[Data excerpts]
---------------

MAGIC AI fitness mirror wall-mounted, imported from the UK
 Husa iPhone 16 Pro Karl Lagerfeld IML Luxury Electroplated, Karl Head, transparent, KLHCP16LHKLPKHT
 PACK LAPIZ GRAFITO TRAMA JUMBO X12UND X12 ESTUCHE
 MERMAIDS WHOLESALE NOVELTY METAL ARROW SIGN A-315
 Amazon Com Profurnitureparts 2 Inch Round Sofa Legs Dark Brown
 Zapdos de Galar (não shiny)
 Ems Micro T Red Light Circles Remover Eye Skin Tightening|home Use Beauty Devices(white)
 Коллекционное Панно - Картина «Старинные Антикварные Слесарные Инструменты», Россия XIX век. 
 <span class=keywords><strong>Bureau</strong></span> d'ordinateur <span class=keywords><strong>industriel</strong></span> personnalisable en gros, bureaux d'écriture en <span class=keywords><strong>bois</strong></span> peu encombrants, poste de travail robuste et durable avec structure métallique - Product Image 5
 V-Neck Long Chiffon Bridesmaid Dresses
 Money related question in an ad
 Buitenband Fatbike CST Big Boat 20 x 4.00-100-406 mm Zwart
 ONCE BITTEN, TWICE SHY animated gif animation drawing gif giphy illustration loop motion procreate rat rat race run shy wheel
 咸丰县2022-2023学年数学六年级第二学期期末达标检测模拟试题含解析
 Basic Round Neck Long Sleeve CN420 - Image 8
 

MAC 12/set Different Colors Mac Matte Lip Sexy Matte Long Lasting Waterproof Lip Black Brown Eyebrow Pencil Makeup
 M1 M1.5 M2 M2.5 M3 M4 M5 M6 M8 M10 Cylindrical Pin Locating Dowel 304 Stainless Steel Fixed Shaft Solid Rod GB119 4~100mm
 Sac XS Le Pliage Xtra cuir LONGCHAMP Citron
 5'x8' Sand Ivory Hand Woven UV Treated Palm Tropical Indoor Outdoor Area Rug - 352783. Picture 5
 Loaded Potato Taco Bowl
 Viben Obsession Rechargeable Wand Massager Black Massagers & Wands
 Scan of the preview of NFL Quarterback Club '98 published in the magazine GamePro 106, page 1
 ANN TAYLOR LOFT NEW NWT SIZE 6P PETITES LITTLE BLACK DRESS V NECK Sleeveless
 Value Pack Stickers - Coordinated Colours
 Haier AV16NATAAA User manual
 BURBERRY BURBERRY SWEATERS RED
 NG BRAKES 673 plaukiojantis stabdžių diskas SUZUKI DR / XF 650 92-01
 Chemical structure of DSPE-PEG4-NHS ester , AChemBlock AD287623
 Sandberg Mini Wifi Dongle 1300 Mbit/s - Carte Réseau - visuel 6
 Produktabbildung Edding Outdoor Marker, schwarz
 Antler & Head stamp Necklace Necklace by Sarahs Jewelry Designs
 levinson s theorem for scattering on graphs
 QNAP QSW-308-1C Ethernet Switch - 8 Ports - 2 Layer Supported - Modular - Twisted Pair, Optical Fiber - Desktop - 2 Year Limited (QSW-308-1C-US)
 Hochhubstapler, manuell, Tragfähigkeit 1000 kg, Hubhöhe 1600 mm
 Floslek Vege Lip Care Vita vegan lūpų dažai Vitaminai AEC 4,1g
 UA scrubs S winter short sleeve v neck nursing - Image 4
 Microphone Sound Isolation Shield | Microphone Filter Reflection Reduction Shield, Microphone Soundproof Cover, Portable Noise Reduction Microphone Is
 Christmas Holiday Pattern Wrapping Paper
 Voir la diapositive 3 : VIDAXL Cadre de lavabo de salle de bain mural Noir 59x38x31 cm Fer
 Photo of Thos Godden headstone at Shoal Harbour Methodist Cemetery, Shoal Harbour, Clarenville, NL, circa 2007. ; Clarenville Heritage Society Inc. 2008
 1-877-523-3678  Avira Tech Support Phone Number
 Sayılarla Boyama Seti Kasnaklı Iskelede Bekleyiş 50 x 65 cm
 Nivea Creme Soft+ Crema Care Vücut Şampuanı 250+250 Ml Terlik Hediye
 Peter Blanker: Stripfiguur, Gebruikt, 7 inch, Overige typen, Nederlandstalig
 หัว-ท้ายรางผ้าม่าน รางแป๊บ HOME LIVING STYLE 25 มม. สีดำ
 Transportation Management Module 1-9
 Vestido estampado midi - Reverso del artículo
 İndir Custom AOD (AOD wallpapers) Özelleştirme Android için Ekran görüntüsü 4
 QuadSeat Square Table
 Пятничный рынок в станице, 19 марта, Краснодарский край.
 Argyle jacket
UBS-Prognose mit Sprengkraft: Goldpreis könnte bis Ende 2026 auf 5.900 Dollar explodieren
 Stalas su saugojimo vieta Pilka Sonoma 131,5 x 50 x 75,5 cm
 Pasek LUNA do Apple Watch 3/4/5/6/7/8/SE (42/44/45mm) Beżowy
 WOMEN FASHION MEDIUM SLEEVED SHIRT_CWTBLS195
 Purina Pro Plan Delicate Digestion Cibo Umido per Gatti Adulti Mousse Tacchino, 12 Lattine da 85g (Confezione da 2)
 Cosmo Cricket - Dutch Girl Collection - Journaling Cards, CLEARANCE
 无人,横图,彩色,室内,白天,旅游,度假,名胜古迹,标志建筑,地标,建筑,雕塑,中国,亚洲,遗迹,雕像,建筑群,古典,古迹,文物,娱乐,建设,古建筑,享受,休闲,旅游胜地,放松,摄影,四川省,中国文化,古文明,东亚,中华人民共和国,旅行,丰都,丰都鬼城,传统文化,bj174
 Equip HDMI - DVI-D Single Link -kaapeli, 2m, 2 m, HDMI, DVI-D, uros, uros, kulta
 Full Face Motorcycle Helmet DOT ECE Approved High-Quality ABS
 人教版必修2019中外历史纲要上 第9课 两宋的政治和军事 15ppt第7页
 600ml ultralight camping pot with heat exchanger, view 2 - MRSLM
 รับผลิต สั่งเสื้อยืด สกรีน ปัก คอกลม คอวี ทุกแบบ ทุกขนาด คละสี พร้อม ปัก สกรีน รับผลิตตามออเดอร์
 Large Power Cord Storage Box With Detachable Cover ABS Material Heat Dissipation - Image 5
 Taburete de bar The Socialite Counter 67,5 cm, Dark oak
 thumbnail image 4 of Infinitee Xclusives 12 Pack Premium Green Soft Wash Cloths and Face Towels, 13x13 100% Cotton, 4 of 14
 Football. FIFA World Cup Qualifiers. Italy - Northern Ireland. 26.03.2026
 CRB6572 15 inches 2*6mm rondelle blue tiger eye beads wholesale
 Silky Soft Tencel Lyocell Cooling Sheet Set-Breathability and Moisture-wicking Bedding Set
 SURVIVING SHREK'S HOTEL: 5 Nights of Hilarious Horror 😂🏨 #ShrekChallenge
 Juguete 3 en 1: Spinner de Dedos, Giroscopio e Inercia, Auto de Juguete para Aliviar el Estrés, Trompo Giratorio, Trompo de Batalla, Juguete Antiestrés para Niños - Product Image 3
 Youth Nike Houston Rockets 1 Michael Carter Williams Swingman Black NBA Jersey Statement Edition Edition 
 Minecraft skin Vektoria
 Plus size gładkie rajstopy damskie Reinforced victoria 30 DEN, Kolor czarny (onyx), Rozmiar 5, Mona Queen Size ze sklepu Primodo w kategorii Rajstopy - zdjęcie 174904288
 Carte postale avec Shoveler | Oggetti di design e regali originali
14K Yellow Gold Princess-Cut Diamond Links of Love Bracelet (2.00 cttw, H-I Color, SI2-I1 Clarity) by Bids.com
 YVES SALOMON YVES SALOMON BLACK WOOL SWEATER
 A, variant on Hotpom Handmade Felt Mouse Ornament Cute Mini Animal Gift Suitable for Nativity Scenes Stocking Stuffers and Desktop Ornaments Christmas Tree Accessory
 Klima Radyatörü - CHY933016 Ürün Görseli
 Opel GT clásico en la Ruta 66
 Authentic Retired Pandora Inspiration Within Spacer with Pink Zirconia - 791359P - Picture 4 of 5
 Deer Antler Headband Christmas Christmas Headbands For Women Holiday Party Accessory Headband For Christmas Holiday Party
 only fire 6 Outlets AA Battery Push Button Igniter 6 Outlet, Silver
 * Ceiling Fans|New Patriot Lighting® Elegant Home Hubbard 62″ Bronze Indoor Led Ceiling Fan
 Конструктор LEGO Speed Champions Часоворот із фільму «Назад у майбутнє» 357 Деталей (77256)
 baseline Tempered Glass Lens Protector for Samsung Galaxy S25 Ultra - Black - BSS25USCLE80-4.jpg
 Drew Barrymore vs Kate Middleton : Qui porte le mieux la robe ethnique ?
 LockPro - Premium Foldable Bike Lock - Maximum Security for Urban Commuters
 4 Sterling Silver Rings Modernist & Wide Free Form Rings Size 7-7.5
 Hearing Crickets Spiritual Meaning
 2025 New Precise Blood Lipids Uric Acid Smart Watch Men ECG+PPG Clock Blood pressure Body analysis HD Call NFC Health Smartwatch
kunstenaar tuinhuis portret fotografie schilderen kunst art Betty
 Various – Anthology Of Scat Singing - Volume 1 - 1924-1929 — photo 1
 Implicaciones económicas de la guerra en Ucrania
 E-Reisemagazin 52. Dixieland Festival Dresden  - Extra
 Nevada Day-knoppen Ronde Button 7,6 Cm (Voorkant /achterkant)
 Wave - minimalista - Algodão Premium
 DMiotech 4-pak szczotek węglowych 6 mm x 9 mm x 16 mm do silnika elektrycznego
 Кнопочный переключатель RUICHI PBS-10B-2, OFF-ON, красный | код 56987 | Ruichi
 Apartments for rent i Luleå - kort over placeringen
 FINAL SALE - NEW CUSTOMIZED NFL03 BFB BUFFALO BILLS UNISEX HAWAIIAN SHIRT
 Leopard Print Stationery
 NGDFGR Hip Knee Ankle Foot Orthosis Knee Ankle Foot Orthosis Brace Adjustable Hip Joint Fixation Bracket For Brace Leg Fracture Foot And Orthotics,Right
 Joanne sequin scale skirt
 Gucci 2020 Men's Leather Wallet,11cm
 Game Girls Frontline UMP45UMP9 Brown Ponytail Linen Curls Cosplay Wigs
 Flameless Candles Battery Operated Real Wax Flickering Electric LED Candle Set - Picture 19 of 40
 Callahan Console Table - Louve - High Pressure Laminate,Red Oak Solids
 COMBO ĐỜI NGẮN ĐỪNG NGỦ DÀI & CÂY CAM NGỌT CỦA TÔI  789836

---------------

### Problem requirements
Copy the lines above exactly, beginning at the line that has "Antler & Head" and stopping after the line that has "Voir la diapositive", and omit the rest.

### Solution for this task
 Antler & Head stamp Necklace Necklace by Sarahs Jewelry Designs
 levinson s theorem for scattering on graphs
 QNAP QSW-308-1C Ethernet Switch - 8 Ports - 2 Layer Supported - Modular - Twisted Pair, Optical Fiber - Desktop - 2 Year Limited (QSW-308-1C-US)
 Hochhubstapler, manuell, Tragfähigkeit 1000 kg, Hubhöhe 1600 mm
 Floslek Vege Lip Care Vita vegan lūpų dažai Vitaminai AEC 4,1g
 UA scrubs S winter short sleeve v neck nursing - Image 4
 Microphone Sound Isolation Shield | Microphone Filter Reflection Reduction Shield, Microphone Soundproof Cover, Portable Noise Reduction Microphone Is
 Christmas Holiday Pattern Wrapping Paper
 Voir la diapositive 3 : VIDAXL Cadre de lavabo de salle de bain mural Noir 59x38x31 cm Fer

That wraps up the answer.